▶ **TASK TO CARRY OUT**
Your answer should consist solely of the lines from the one containing "Custom Embroidered Snowball" through the end of the entries below, duplicated exactly.

EXCERPTED RECORDS Start Marker

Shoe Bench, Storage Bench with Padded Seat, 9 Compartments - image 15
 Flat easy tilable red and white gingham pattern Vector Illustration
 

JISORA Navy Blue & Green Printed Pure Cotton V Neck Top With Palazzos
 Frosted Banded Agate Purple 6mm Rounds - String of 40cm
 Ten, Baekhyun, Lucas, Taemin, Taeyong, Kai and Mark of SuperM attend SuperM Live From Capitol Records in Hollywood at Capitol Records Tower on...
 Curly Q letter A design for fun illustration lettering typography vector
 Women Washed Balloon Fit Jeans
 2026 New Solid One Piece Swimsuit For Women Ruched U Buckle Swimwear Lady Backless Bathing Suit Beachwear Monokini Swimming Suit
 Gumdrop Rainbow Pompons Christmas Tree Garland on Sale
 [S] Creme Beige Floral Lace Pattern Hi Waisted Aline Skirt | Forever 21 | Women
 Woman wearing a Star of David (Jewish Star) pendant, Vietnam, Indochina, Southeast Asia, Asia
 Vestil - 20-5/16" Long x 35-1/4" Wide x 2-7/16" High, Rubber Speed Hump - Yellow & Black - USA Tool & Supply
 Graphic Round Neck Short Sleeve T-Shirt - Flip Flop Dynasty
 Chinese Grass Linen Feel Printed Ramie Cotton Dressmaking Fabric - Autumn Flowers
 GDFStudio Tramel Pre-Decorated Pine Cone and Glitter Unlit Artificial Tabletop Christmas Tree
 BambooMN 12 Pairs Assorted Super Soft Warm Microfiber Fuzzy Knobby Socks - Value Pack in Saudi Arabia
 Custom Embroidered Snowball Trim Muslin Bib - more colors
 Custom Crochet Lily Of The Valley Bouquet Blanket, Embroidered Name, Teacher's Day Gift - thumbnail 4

EXCERPTED RECORDS End Marker

▶ **TASK ANSWER**
 Custom Embroidered Snowball Trim Muslin Bib - more colors
 Custom Crochet Lily Of The Valley Bouquet Blanket, Embroidered Name, Teacher's Day Gift - thumbnail 4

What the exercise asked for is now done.